A obra analisa as interações sociais de indivíduos com 60 anos ou mais que participam de atividades de educação musical em ambientes não formais, adotando uma perspectiva sistêmica que considera a influência dos aspectos históricos, sociais e culturais no desenvolvimento humano.
O estudo fundamenta-se na Teoria Bioecológica do Desenvolvimento Humano, proposta pelo psicólogo Urie Bronfenbrenner, que compreende o desenvolvimento como um processo contínuo e dinâmico. Segundo essa abordagem, a evolução das pessoas ocorre por meio da interação entre características individuais, relações cotidianas, ambientes sociais e o contexto temporal em que vivem.
Para compreender esse universo, o livro apresenta capítulos dedicados à caracterização da pessoa idosa e da educação não formal, às atividades musicais desenvolvidas nesses espaços, às interações sociais promovidas pela música, além de discutir o modelo bioecológico de Bronfenbrenner e o pensamento sistêmico. A publicação também traz uma pesquisa de campo que permite observar, na prática, como essas experiências impactam a vida dos participantes.
A temática ganha relevância diante do envelhecimento populacional e da necessidade de ampliar o olhar sobre a velhice. Os autores destacam a importância de reconhecer a pessoa idosa como protagonista de sua própria trajetória, capaz de aprender, produzir, criar e manter autonomia ao longo da vida.

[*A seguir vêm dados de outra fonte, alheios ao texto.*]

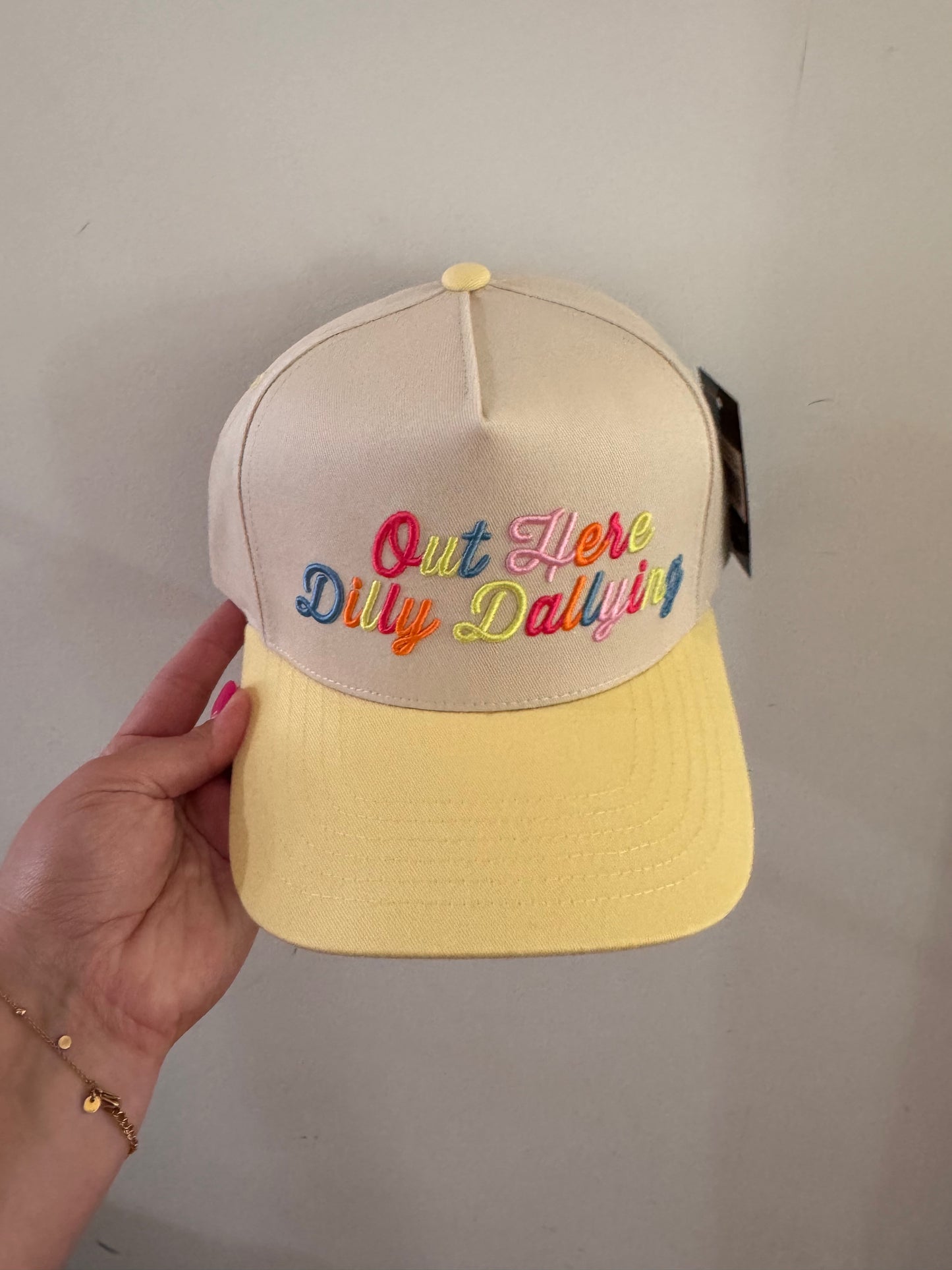 Out Here Dilly Dallying Hat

Embora o tema seja atual e cada vez mais presente nos debates sobre educação e envelhecimento, ainda são escassos os estudos que integrem perspectivas educacionais e gerontológicas. Nesse contexto, a obra contribui para ampliar a discussão sobre o papel da educação musical não formal como instrumento de desenvolvimento humano, inclusão social e promoção do bem-estar na terceira idade.
Ao evidenciar a música como espaço de encontro e construção de relações significativas, o livro reforça que o envelhecimento pode ser vivido de forma ativa, participativa e enriquecedora, valorizando as potencialidades e experiências acumuladas ao longo da vida.